• 11/23 Nat Espresso Day 4

    From Dave Drum@1:3634/12 to All on Sun Nov 21 13:41:00 2021
    MMMMM----- Recipe via Meal-Master (tm) v8.06

    Title: Cocoa-Espresso-Brazil Nut Cookies
    Categories: Cookies, Snacks, Nuts, Chocolate
    Yield: 24 Servings

    3/4 c Butter; softened
    1 c Sugar
    1 lg Egg
    1 1/2 ts Vanilla
    1 1/2 c All-purpose flour
    3/4 c Unsweetened Dutch-process
    - cocoa powder
    2 ts Instant espresso coffee
    - powder
    1/4 ts Salt
    1/2 c Finely ground Brazil nuts
    1 c Fine chopped Brazil nuts

    In a large mixing bowl beat butter with an electric mixer
    on medium to high speed for 30 seconds. Add sugar. Beat
    until fluffy, scraping sides of bowl occasionally. Beat in
    egg and vanilla. Beat in flour, cocoa powder, espresso
    powder, and salt until combined. Add 1/2 cup ground nuts,
    beating just until combined.

    Place 1 cup finely chopped nuts in a shallow dish. Shape
    dough into a 6-inch log; roll log in nuts to coat. Wrap
    log in plastic wrap or waxed paper.
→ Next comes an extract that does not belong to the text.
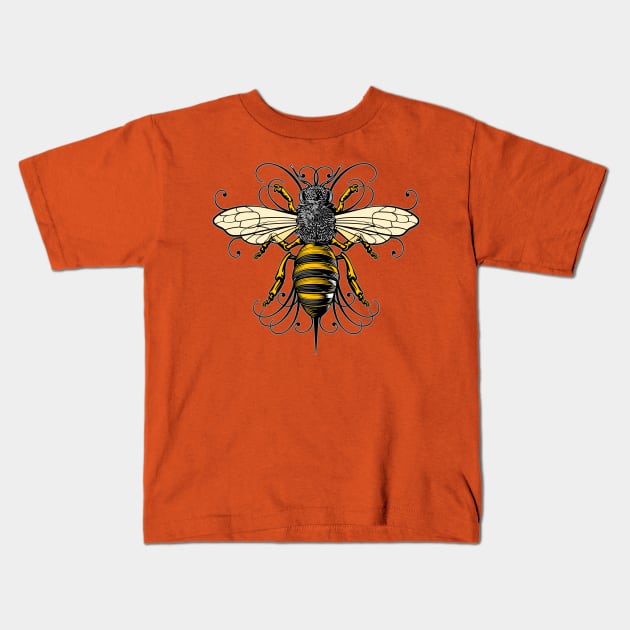 bumblebee Kids T-Shirt by HornArt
Chill about 3 hours or
    until dough is firm enough to slice.

    Set oven @ 350ºF/175ºC.

    Line a cookie sheet with parchment paper; set aside. Cut
    log into scant 1/4-inch slices. Place slices about 1 inch
    apart on the prepared cookie sheet. Bake about 10 minutes
    or until set. Cool completely on cookie sheet.

    TO STORE: Layer cookies between sheets of waxed paper in
    an airtight container; cover. Store at room temperature
    for up to 3 days or freeze for up to 3 months.